Fun factor: Sadly, 10.
Lindsay and I had some time to kill before my flight left from LAX yesterday. The other girls had an earlier departure time so we decided we would get breakfast at a cute little spot in Santa Monica after we dropped them off. Fast forward to Lindsay following “her instincts” to get us to the road that runs parallel to the ocean and we soon realize we should just stick near the airport.
I ate at an IHOP.
It was an intimate little affair. I had the Nutella and banana crepes, Lindsay the eggs and toast. It was everything I ever dreamed of and more.
Fun factor: 8
Last weekend I visited my friend Lindsay in Newport Beach. On Sunday we took a little jaunt to Laguna Beach and did some window shopping. There was a super cute candy store that sold lots of old-school candy and related trinkets. My dad loves Skybars and I bought him five since they’re so hard to find. There are currently two left. Sorry, Dad. I hate for you to find out this way about this super nice thing I did for you that won’t ever pan out.
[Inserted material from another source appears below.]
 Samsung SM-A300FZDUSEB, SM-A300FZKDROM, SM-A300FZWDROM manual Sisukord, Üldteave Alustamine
In any event, the store sold dried flavored crickets, so I bought a pack and:
I ate a bug.
Proof of purchase:
Proof of The Act:
Fun Factor: 6
Consider #19 of this list donzo.
I did Bikram yoga.
The classes last for 90 minutes and there are 26 poses (below).
Holy shit was it hard. The combination of the room being 105 degrees and me sucking at yoga made for an interesting attempt. I had to sit out for many of the poses, but I’m intrigued enough that I’ll go back.
Fun factor: 5
Forgive me, my long-lost friends…I’m a bit behind. Never fear, I will enter some of my new things retroactively.
Every year on my birthday I use a vacation day and bounce around town spending money on myself and dining out. Because Revlon tells me I’m worth it. This year a new element was added to the day:
I was served breakfast in bed.
Items: OJ, french-pressed coffee, egg and toast.
It was actually breakfast on the couch so that I could watch all the fun morning shows I miss while usually at the clink. It was delicious and a fun way to spend the first hour of 29.